Our tech guy Colin Moors explains how technology can save you money.
Of all the uses we put the internet to these days, there can be very little more daunting than to part with our hard-earned cash, sending it careering off into the void with nary a trace of what might happen to it. OfTechonol course, it’s the same thing as paying by cheque (remember those?) except it has an electronic and less tangible aspect to it. The money you are paying with doesn’t exist, not even when it reaches its destination, which it doesn’t, because it never really went anywhere. With me so far? Good.
We all use the internet to spend cash – it may be online shopping, online gaming or just everyday online banking.
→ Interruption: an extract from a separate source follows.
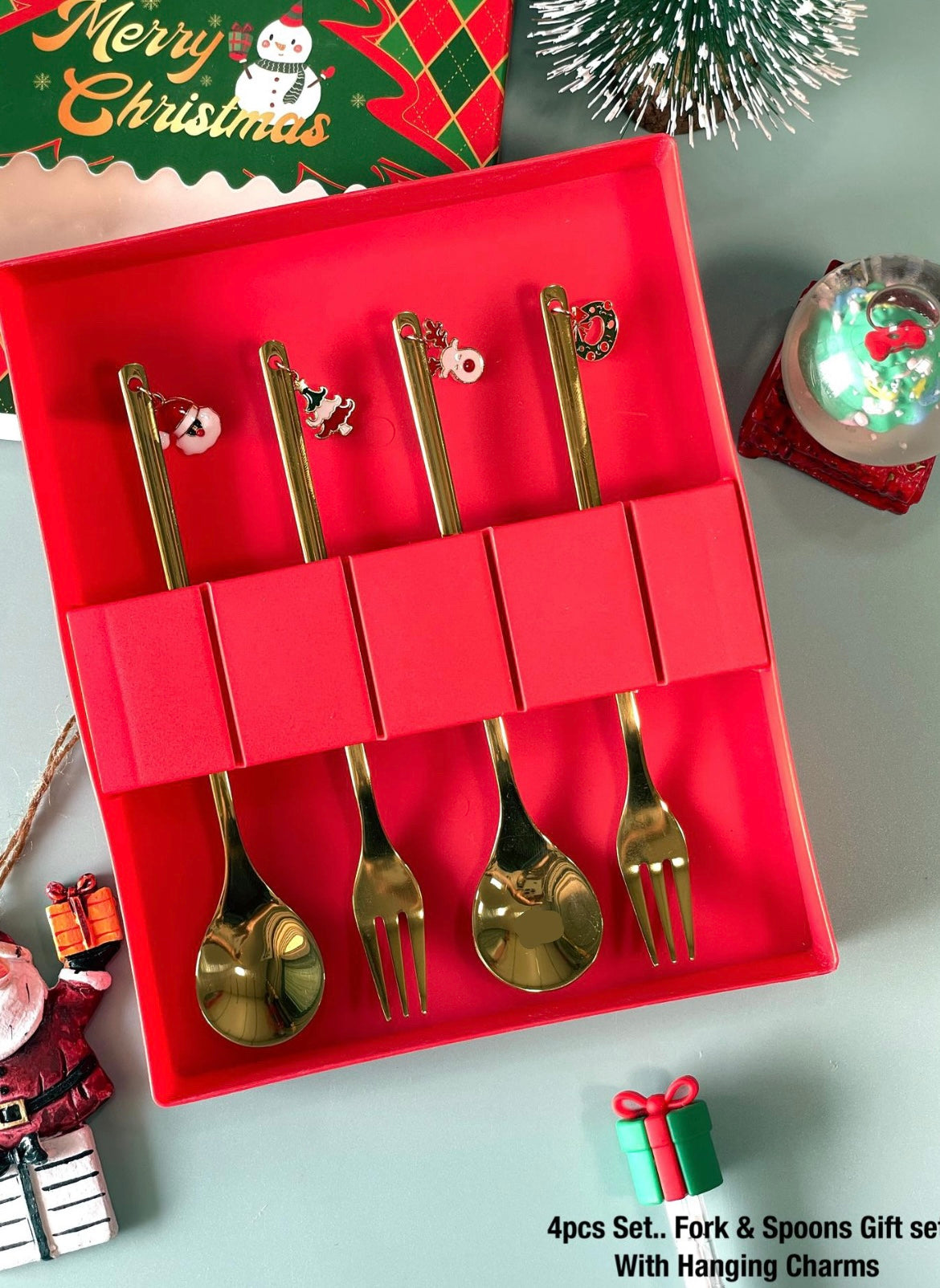 Christmas Cutlery Set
Luckily, we can also use the internet to save us money, if we have the right information about technology. I am obliged by common sense to mention that anything in this article does not constitute financial advice and to warn you to research sites thoroughly before giving away your money.
In these pre-Brexit times, dealing with UK pounds versus euros can be a technology minefield. The rate is, at time of writing, variable in the extreme and picking the right time to move money to or from the UK could save you a lot of cash. One of the most up-to-date sites for currency exchange is xe.com, a site brimming with financial reports, money stories, rate movement graphs and a host of other things to keep the consumer of internet money information happy. Its primary use for the lay person is as a currency exchange monitor, however. Pick your currency, enter the amount and you can convert it into any currency in the world at a click.
Holiday tip: when it comes to withdrawing money at an ATM, never accept the ATM conversion rate. Always opt for your bank doing the conversion. The ATM conversion rate is heavily doctored to favour the company who installed it. Your bank will doubtless charge you for conversion but the rate will always be better.
Speaking of banks, a lot of companies offer what they call “wealth management”. This is a poor choice of name for some of us, sadly. Keytrade Bank (keytradebank.be) here in Brussels could save you money straight away, however; aside from its range of financial products, it offers a completely free bank account. There’s no catch with this, it really is free to use – there’s no annual fees and transactions and debit cards cost nothing. Of course, the free bank account may be a way of getting you interested in their other services, such as pensions, mutual fund investing, crowdfunding and currency trading. There’s no such thing as a free lunch but at least in this case, the carrot they dangle could end up saving you a good deal of money.